The learning center, however,  was supposed to be quiet.  Children passing through the annex were quickly hushed into silence.   The classrooms formed a border around a sunken area in the middle.  Each week, for "library time" we would line up to sit on the orange stairs and politely wait for our instructions.  First it was to choose one book, then in upper grades two.  I can still feel the scratch of that carpet on bare legs as I fidgeted--anxious to get to the books. Later, I would work in a library that was very similarly arranged, and realized what a horrible placement of resources.  Yes, it was the centered and prominent, but it was hardly a good place for concentration with no walls and the distractions of students filing through to get to the lunch room in another wing. That library, too, would be a similar orange even 20 odd years later, with a similar in the round set up and no real walls. 

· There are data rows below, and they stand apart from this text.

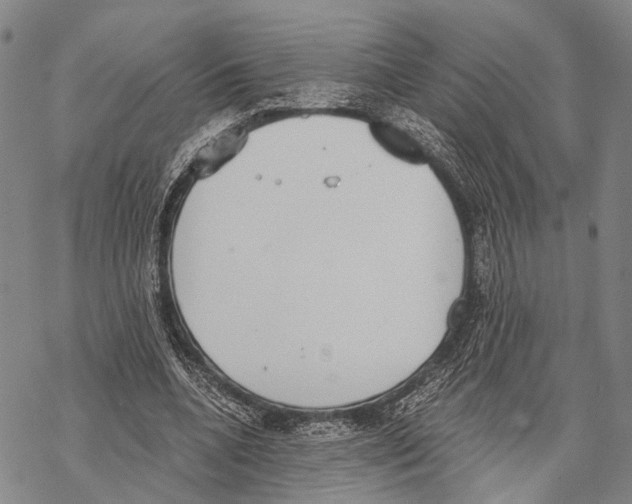 X0000068260536200605191805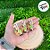 Mini Prendedor Decorativo de Páscoa - Coelho Verde Segurando Cenoura - 5cm - 6 unidades - Cromus - Rizzo - Imagem 3
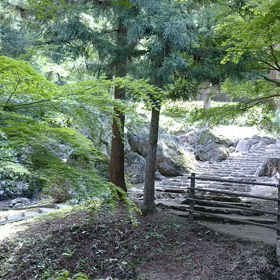 シータヒーリング、モニター体験。の画像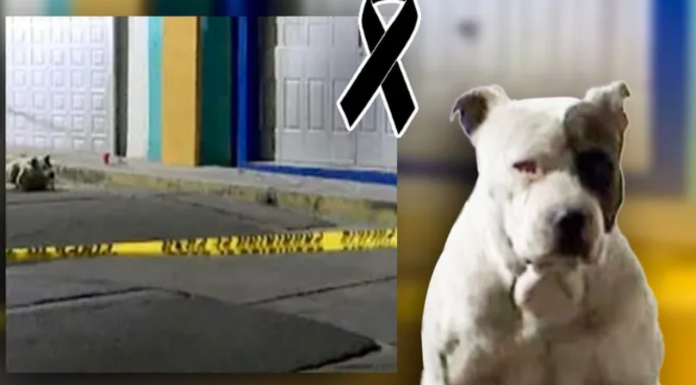 ¡Siempre fiel! #EnMéxico: Perrito esperó junto al cuerpo de su dueño quien murió mientras paseaban en la calle
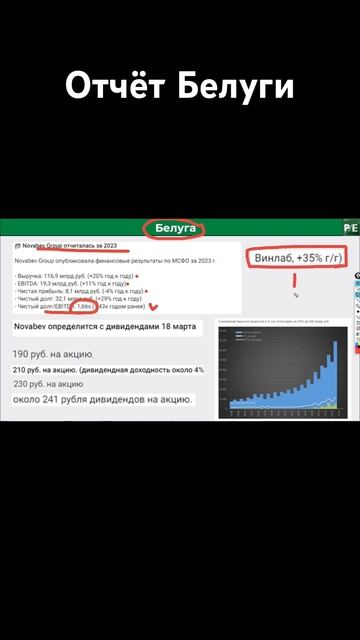 Финансовый отчёт компании Белуга @put_investor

The books were the usual fare--picture books for the youngest. Longer books with chapters and non-fiction for the oldest. My favorites, which I sought out early on, were a collection of glossy paged Peter Rabbit books that had their own box set.  I would like to say these books and their contents informed my young readers mind, but I'd be fibbing just a little.  What I remember of their stories is a vague collection of talking animals and some sort of lesson to be learned, but moreso it was the physicality of the books themselves that drew me to the shelf week after week. They felt old, and most likely were, even then--bound in book cloth that varied from green to aqua to grey.  The pages had a sheen to them that was enormously satisfying. I liked the way they lined up neatly on the shelf, uniform in size and in color scheme.   I liked to rub them between my fingers and feel the slightly raised illustrations. The way the text itself, too, was pitch black and slightly raised if you pressed hard enough. They felt old and solid in a way that the orange carpeted floor around me did not.  Classic.

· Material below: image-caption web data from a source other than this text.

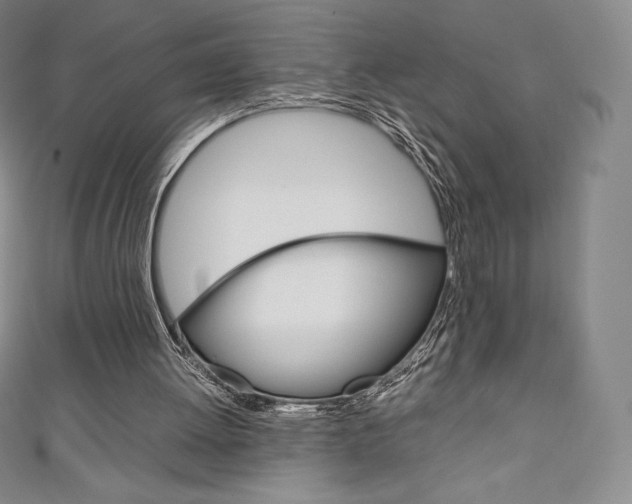 X0000111140052200906301025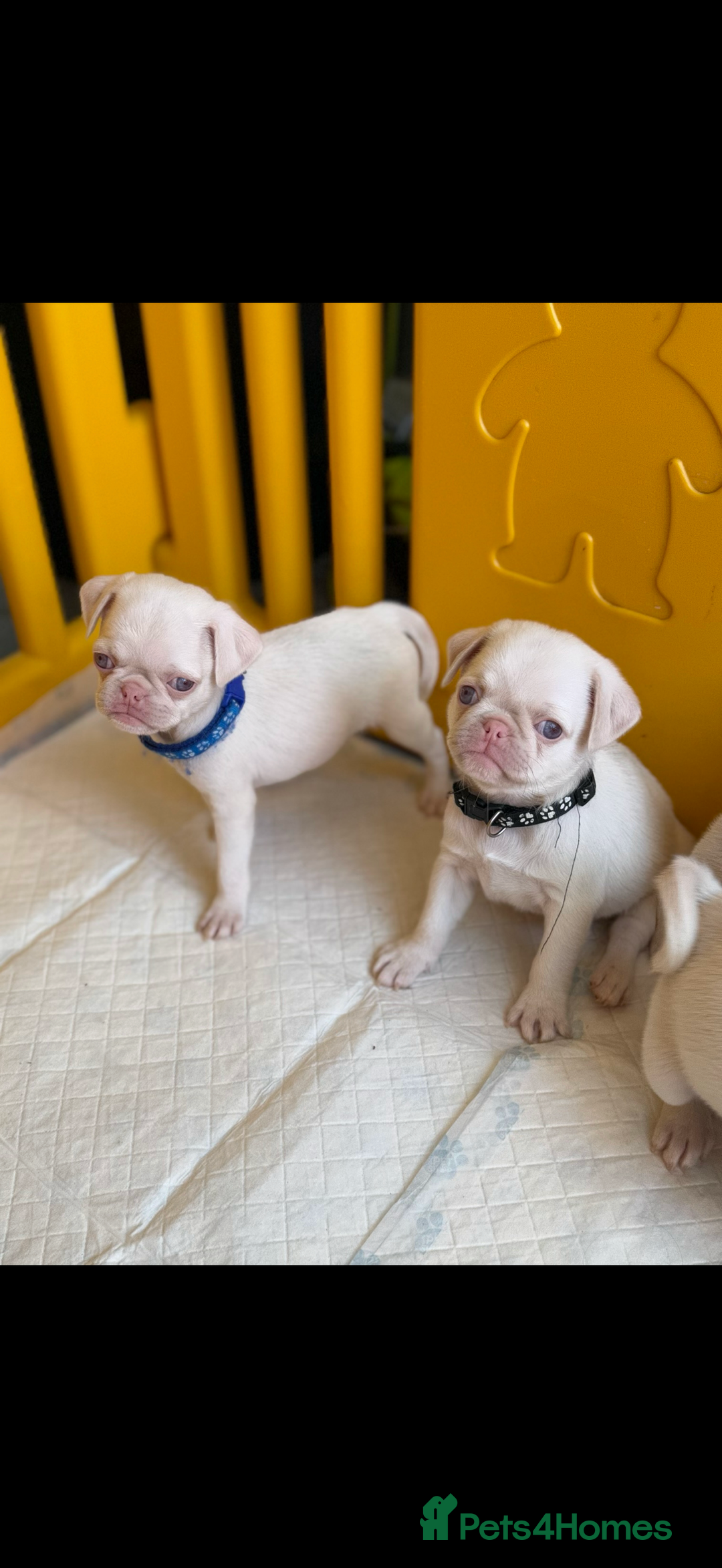 Pug dogs for sale: 7 boys ready to go next week!!!🩵 - Image 1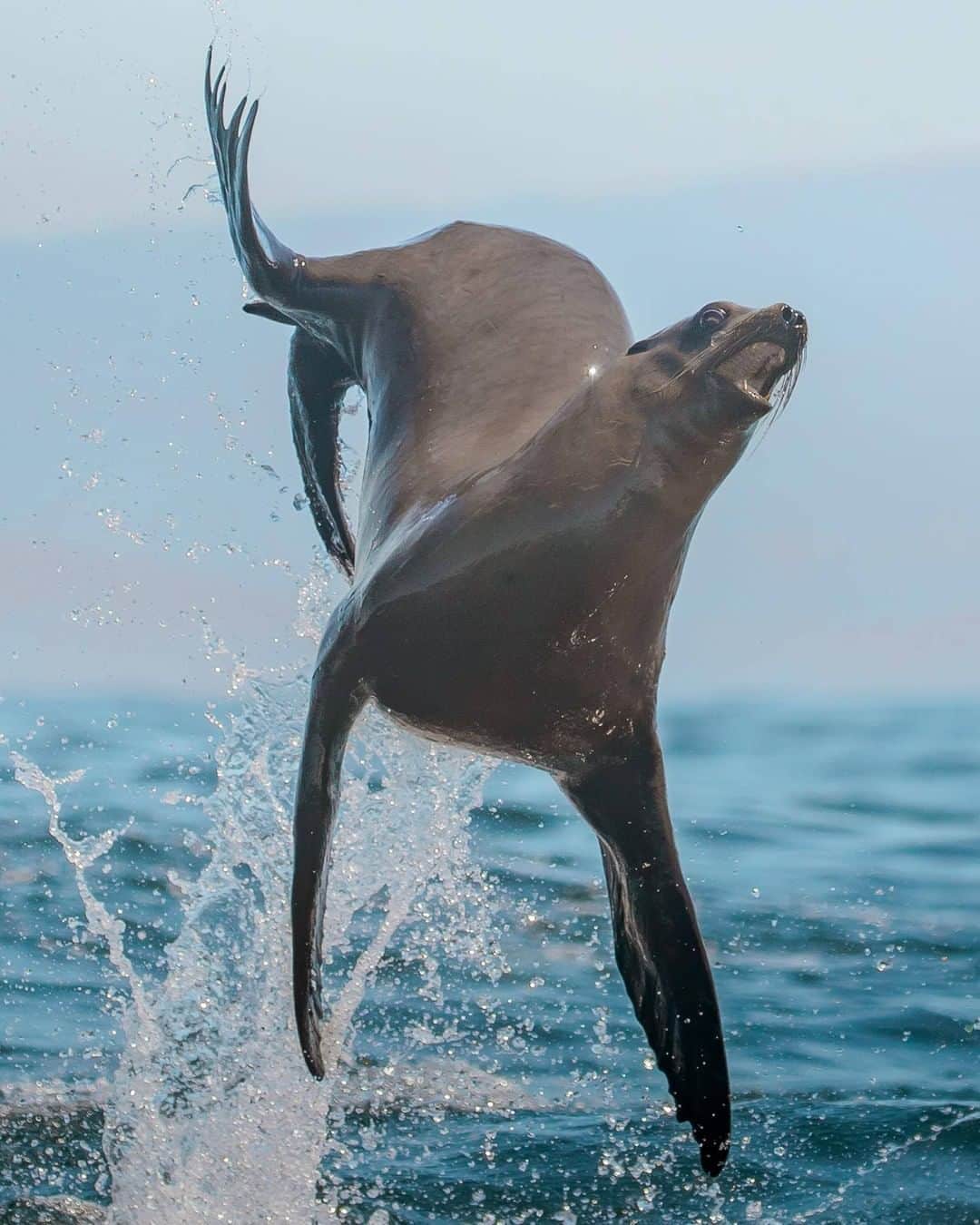 Discoveryさんのインスタグラム写真 - (DiscoveryInstagram)「Have you ever seen sea lion do this?! Must be @sharkweek in the air.   Photos: Delaney Trowbridge (@seataceans)  Shark Week Starts Sunday at 8P on Discovery🦈  #SharkWeek #sealion #oceanlife #fridayvibes #feelingmyself #andioop」8月8日 2時32分 - discovery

I grew up in a house that had many books.  But at the same time, as a child, held only a very few that interested me in particular. My dad was a voracious reader--rifle and golf magazines, newspapers, books on birding and the old west.  Stacks of National Geographic.   I remember my own first book in the weird way you remember the years before the consciousness cements--a black and white checked sizeable volume of Mother Goose Tales that was most likely a gift.  In my memory, I carried it around a lot even before I learned to read it, but I remember the illustrations told much of the stories even without the words. I also remember a few scattered Little Golden Books that fell prey to a lot of crayon marks.  Mother Goose, too, surely met a similar fate, her binding cracking and littered with marks. No doubt sticky with jam and chocolate, since I loved, even then, to eat and read at the same time. My favorite stories within are hard to recall from this distance, but I remember a fascination with the The Old Woman Who Lived in a Shoe. With Little Miss Muffet and her fateful tuffet. The cow that ran away with the spoon. 

My father's books were housed in a single tall book case--a strange dark not-quite-wood that again, only the 70's could have created. I spent a lot of time arranging and rearranging his volumes, and since this was obviously where the books should go, shelving my own few titles amongst them.--Mother Goose and the growing collection of battered Little Goldens, many procured by my mother at garage sales once she realized I was going to be a reader. It felt so very adult, to place the books on the shelf instead of toy box where everything else of childhood lived. Even though they were in increasingly poor shape. Like they were the most exquisite of dolls.